__To do__: Transcribe exactly, and without pictures, the lines from the one that contains "Versace Men's Square" through the last line of the material.

__Data__:
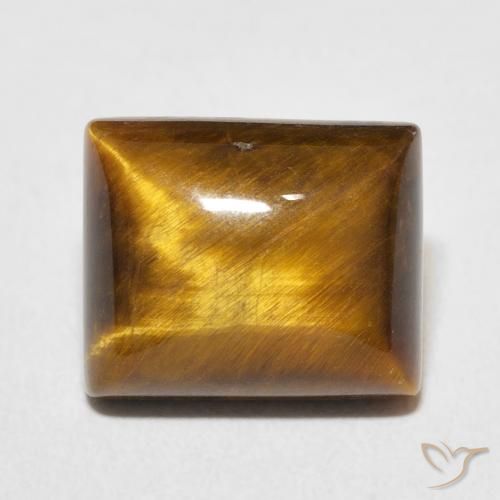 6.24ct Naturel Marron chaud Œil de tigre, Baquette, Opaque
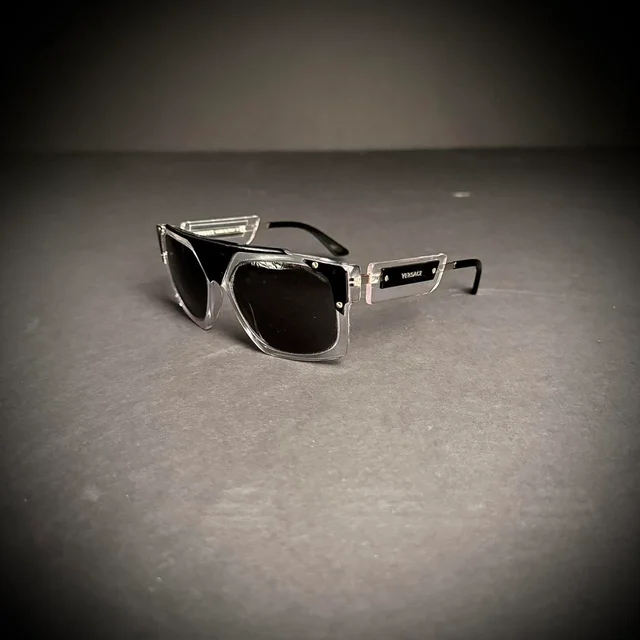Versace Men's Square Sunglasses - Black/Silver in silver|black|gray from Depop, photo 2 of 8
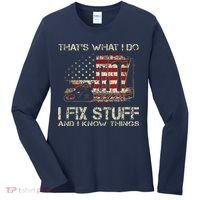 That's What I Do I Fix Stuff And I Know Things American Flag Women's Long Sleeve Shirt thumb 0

__Task result__:
Versace Men's Square Sunglasses - Black/Silver in silver|black|gray from Depop, photo 2 of 8
 That's What I Do I Fix Stuff And I Know Things American Flag Women's Long Sleeve Shirt thumb 0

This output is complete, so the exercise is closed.